The guy rode up to the middle and here comes the buffalo by and of course that nice horse went with him. He got to the end. Sat on his hocks, got down low and let that buffalo pull him around and it was so smooth it looked like a tilt-a-whirl. The owner didn’t make it. The horse was particularly sharp because Dewayne had already ridden him that day. Owner flies up in the air and goes straight backward off that horse. And he got some air, too. Feller landed flat of his back with his feet straight up in the air. I went to catch the horse and pen the buffalo. Dewayne went to the guy, but I didn’t hear what was said. Guy went straight to his fancy car and left – but when I came walking up with the horse, Dewayne threw his hands out and said “stay back.”

There on the heavy sand cutting pen floor was a perfect replica of the back of that starter jacket. I mean he had hit hard! “Don’t anybody come in here. Don’t ride in here anymore today,” Dewayne said. He was preserving that impression. I’m pretty sure he was saving it for the afternoon clubhouse crowd. It was not only a lesson, but also one of those tongue in cheek schooling sessions.

When I met Dewayne he was a great rider even though years before his pelvis had been broken when a house fell on him. He was working in the family house moving business. He started out roping and his champion NCHA cutting horse was actually purchased as a roping prospect. That didn’t work out and somehow Dewayne started playing with him cutting. There used to be lots of club cuttings in a hundred-mile radius of here. He was a gelding bought at a horse sale. A true Cinderella story.

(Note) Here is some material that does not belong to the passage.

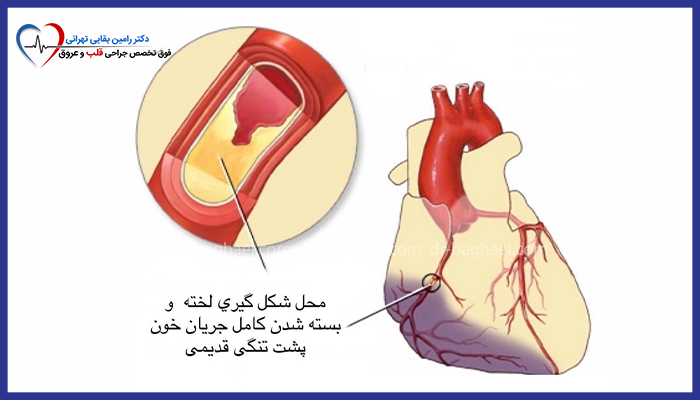 تصویر شماتیک از انسداد کامل جریان خون در رگهای قلب به دلیل تجمع چربی و ایجاد لخته خون.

Dewayne went all over the world teaching and judging cutting and once when he went to Italy he bought a Border Collie. He told me he didn’t want to put the dog in cargo because he would be quarantined when he got here and because Dewayne could become separated from the dog. So they gave the dog a bunch of tranquilizers and put him in a bag that would fit under the seat. “You could just fold him up like a sweater,” Dewayne told me. When the plane touched down, Dewayne said that dog was waking up. The plane had to wait sitting on the tarmac to get a gate to unload and Dewayne was getting nervous because that dog was starting to move. He made it off the plane, but just barely and Dewayne said he was running to get outside to get the dog out of that bag.

A good friend who left a mark on a lot of people. I’ll see you again.